### What you need to do
Return every line of the data below that includes the string "team".

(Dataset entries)

■ ■ ■ ■

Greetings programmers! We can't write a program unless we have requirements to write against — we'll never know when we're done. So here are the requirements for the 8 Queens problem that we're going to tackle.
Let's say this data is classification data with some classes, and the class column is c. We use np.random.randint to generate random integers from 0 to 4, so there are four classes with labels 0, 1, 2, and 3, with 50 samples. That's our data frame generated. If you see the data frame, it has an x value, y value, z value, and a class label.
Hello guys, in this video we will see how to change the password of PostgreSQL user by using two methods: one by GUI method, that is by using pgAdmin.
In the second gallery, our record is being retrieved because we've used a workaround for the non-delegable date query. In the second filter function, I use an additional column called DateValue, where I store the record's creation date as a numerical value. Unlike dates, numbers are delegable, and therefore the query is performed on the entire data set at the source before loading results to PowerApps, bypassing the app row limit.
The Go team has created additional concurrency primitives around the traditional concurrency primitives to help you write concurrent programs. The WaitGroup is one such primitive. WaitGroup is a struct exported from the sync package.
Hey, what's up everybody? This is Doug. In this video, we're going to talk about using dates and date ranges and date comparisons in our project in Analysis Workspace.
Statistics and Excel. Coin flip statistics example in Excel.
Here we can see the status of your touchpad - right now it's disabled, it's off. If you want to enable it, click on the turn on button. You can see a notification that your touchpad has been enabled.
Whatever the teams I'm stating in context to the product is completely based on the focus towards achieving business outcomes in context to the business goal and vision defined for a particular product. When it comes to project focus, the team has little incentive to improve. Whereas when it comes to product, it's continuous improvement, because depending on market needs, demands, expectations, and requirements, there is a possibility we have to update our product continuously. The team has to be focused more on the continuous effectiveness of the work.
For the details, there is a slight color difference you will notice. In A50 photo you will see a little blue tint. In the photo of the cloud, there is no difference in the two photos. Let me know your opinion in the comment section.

■ ■ ■ ■

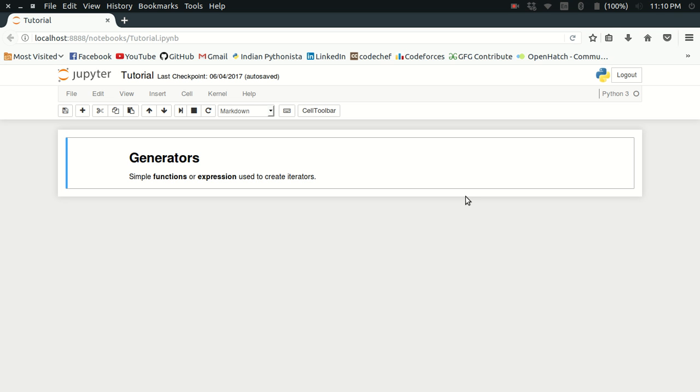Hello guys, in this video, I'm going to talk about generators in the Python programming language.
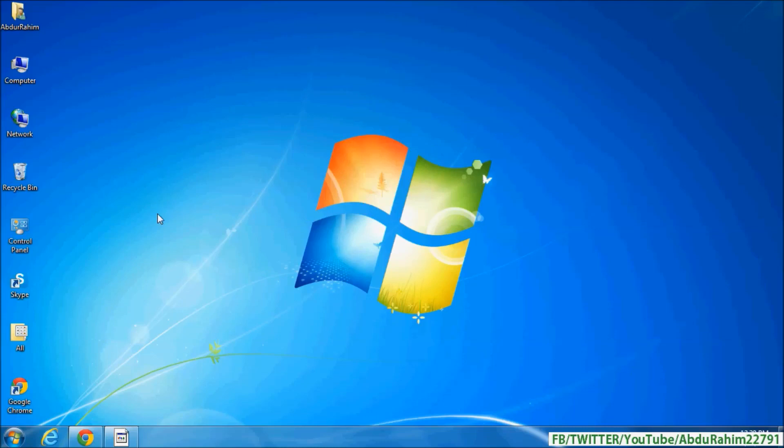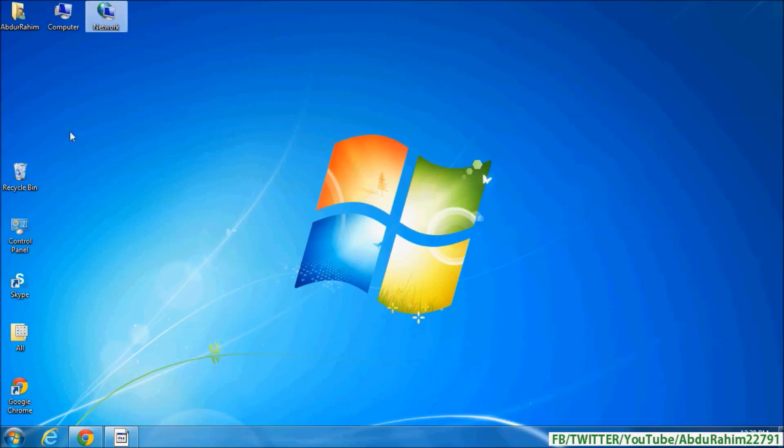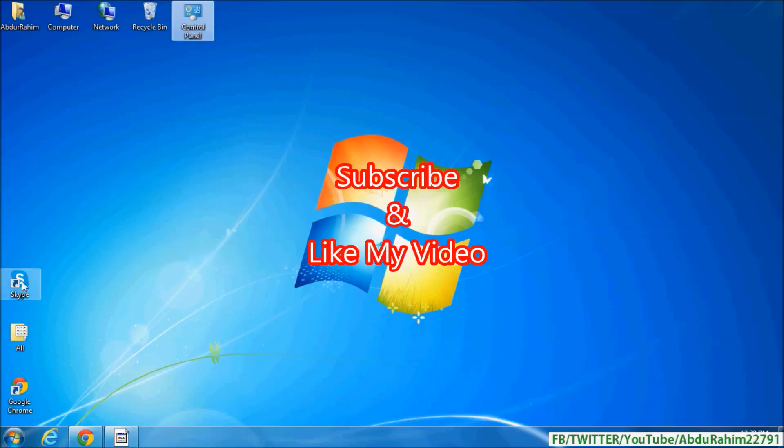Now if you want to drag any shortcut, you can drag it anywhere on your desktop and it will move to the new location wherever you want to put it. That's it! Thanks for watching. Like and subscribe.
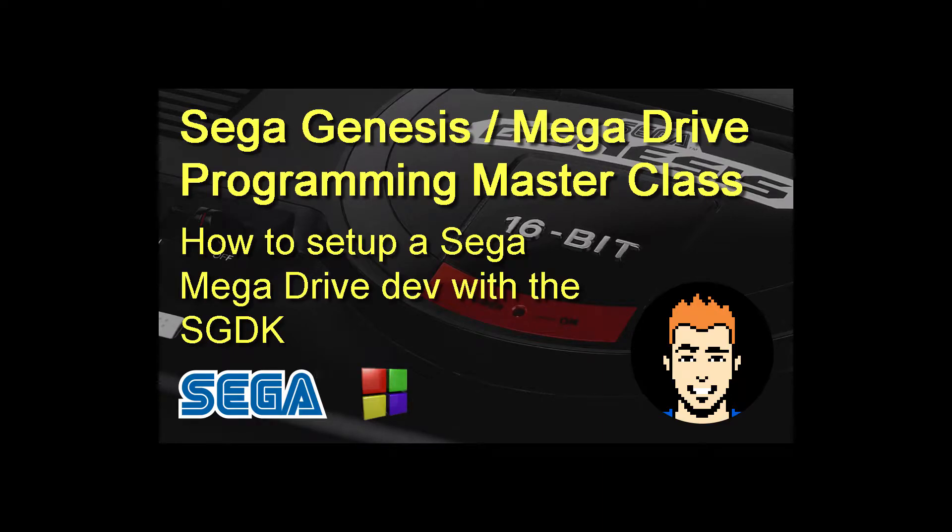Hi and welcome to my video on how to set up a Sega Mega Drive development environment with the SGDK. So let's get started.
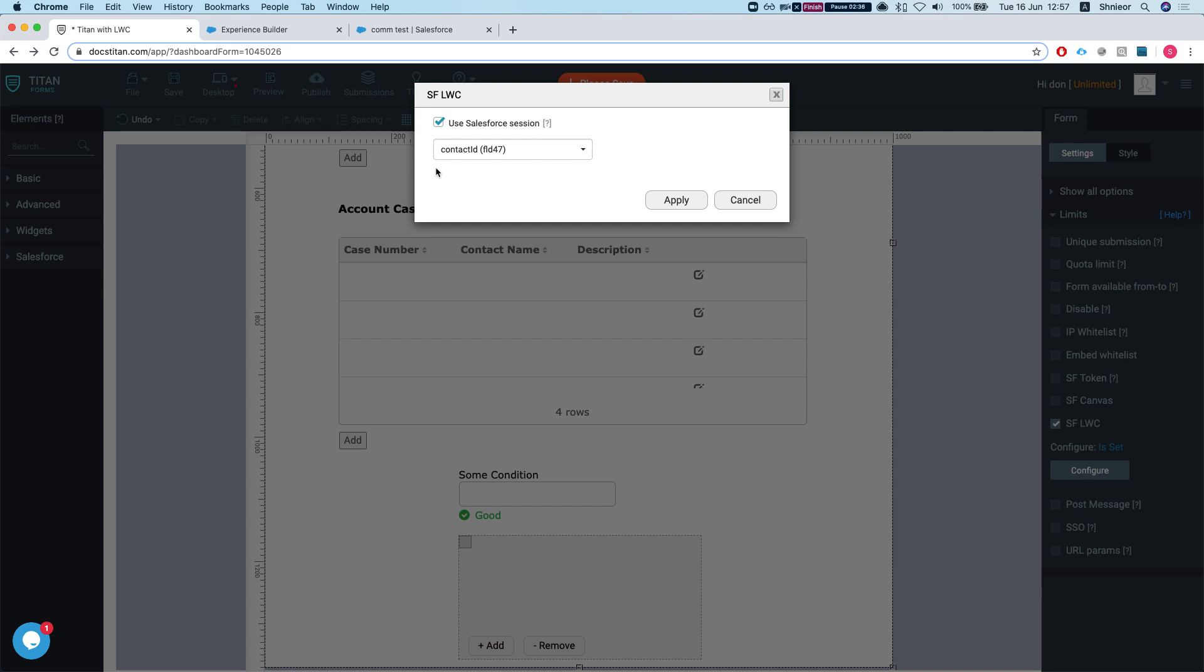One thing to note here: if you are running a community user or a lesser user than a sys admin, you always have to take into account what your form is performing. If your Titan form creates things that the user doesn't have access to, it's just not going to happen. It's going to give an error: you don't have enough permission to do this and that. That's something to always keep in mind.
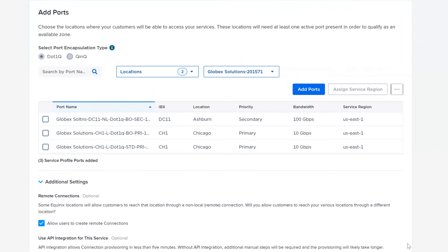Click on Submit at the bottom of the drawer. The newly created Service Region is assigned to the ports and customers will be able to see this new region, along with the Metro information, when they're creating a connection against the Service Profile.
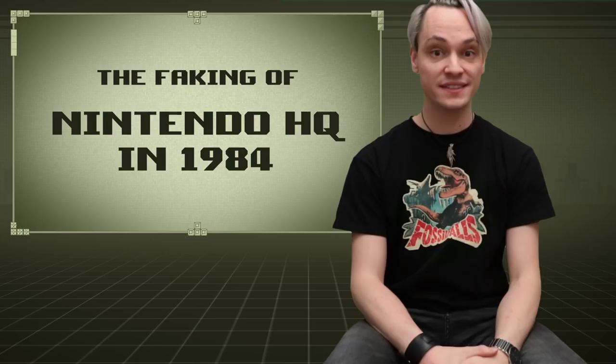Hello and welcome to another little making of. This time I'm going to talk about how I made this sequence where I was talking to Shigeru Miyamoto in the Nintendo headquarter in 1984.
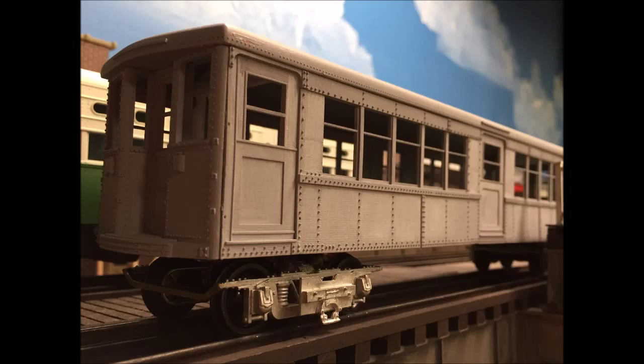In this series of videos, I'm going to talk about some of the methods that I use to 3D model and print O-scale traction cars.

■ ■ ■ ■

### Reply
The Go team has created additional concurrency primitives around the traditional concurrency primitives to help you write concurrent programs. The WaitGroup is one such primitive. WaitGroup is a struct exported from the sync package.
Whatever the teams I'm stating in context to the product is completely based on the focus towards achieving business outcomes in context to the business goal and vision defined for a particular product. When it comes to project focus, the team has little incentive to improve. Whereas when it comes to product, it's continuous improvement, because depending on market needs, demands, expectations, and requirements, there is a possibility we have to update our product continuously. The team has to be focused more on the continuous effectiveness of the work.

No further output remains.